==== Data for analysis ====

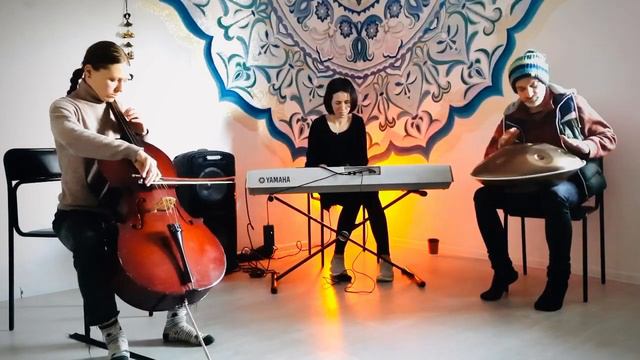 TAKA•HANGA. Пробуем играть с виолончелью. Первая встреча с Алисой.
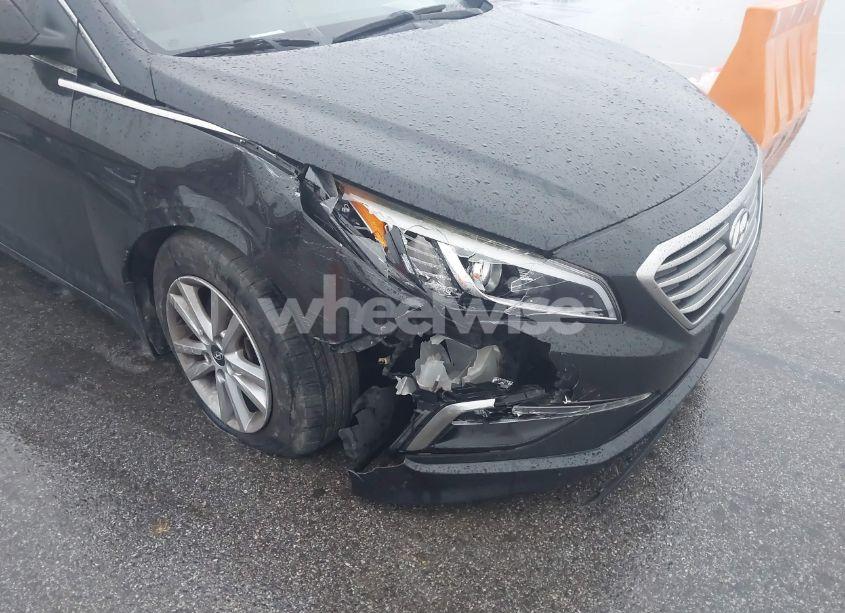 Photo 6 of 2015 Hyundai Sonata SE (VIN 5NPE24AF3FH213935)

====
==== Data for analysis ====

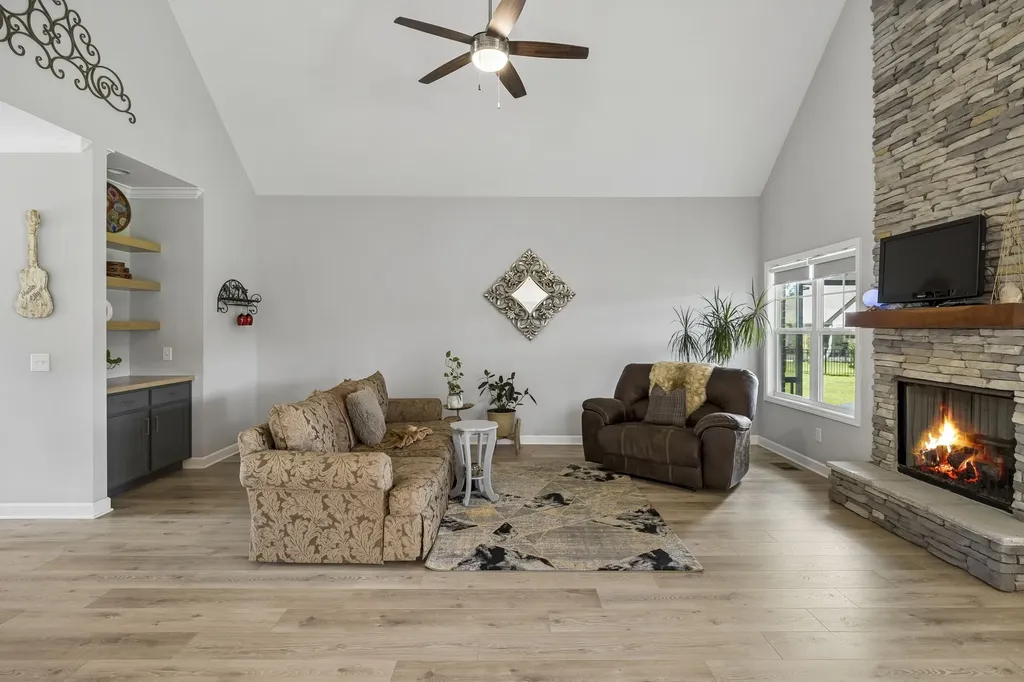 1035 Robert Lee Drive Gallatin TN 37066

====

**Task instructions**
Of the lines above, copy only those from the one holding "TAKA•HANGA. Пробуем играть" to the one holding "Photo 6 of 2015", both included, and exclude every image.

**Output below**
 TAKA•HANGA. Пробуем играть с виолончелью. Первая встреча с Алисой.
 Photo 6 of 2015 Hyundai Sonata SE (VIN 5NPE24AF3FH213935)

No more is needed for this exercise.